A grievance was made that the petitioners have moved this Court after a long unexplained delay and the Court should not grant any relief to them. It was pointed out that the provisional seniority list was drawn up on March 22, 1971 and the petitions have been filed in the year 1983. The respondents, therefore, submitted that the court should throw out the petitions on the ground of delay, latches and acquiescence. It was said that promotions granted on the basis of impugned seniority list were not questioned by the petitioners and they have acquieseced into it. We are not disposed to accede to this request because respondents 1 to 3 have not finalised the seniority list for a period of more than twelve years and are operating the same for further promotion to utter disadvantage of the petitioners. Petitioner went on making representations after representations which did not yield any response, reply or relief. Coupled with this is the fact that the petitioners belong to the lower echelons of service and it is not difficult to visualise that they may find it extremely difficult, to rush to the Court.
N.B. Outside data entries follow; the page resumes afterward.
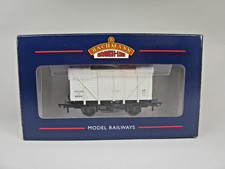Bachmann 38-191A  12 Ton BR Insulated Van White Wagon No. B872112, OO Gauge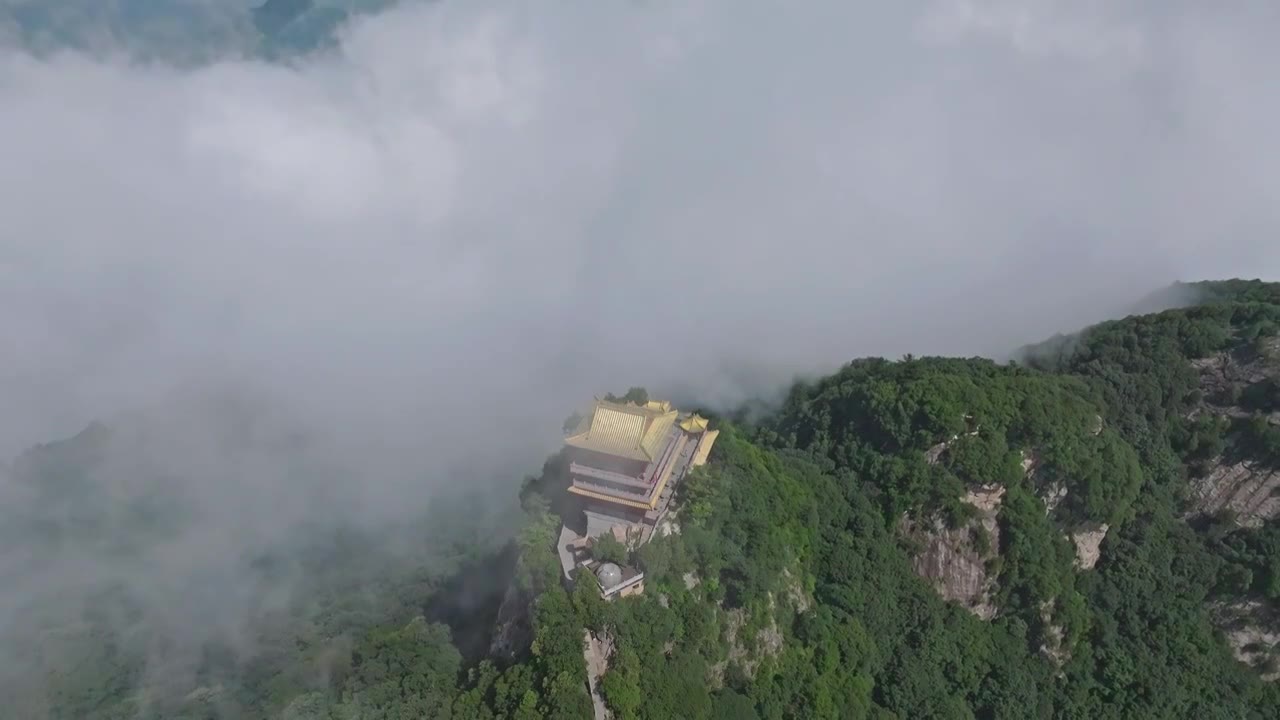 航拍秦岭山中雾气寺庙南五台视频下载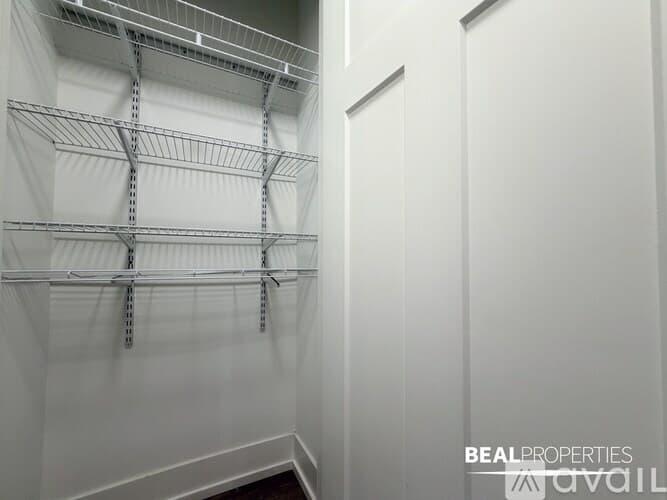 Evanston Condo: 1128 Maple Ave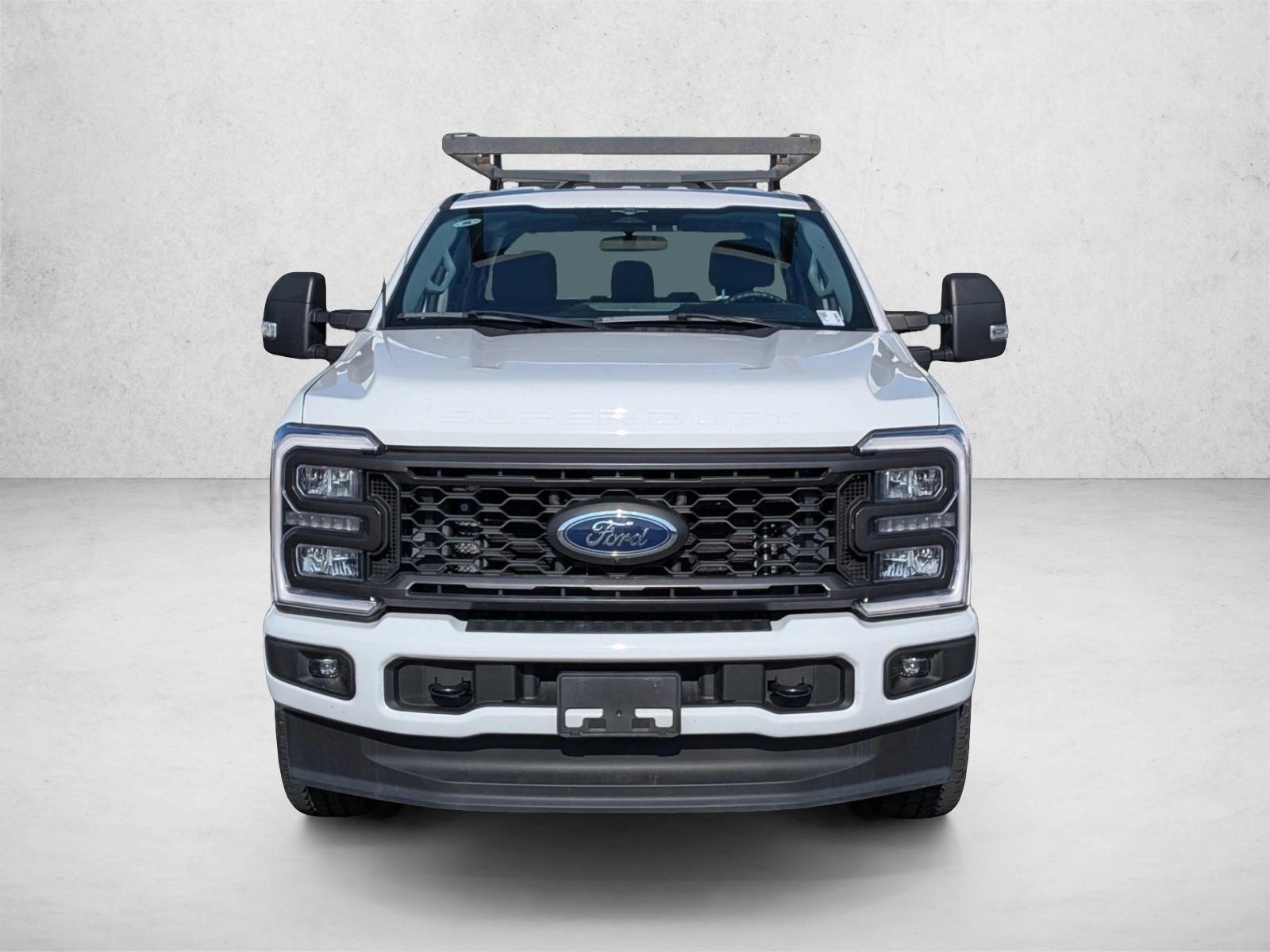 2023 Ford F-250 XL photo 2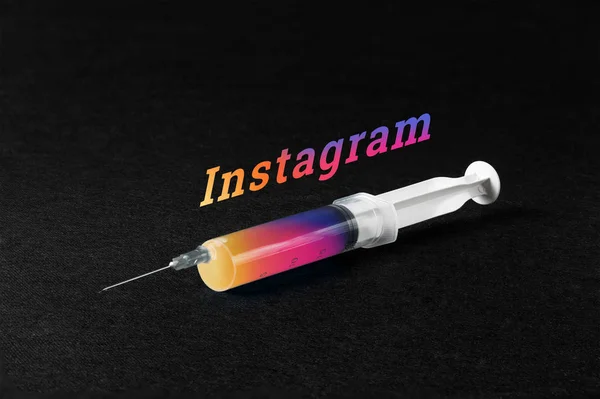 Syringe on a dark background and the word instagram. The concept of mania, Internet addiction. — Stock Photo, Image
Therefore, the contention must be rejected.

7. Since the petitioner belongs to lower echelon of the society and he is out of employment and he thought perhaps the Government may reconsider the matter, I think the delay in such matter will not warrant dismissal of this writ petition.

8. In view of the law laid down by their Lordships of the Supreme Court that if there are triable issues then the State Government should not take up the matter and decide the matter, it is proper to refer the matter to the Labour Court for its proper adjudication,

9. Thus, in the result I allow this writ petition and quash the communication dated 19th September. 1983 and direct the State Government to reconsider the matter for making the reference to the Labour Court.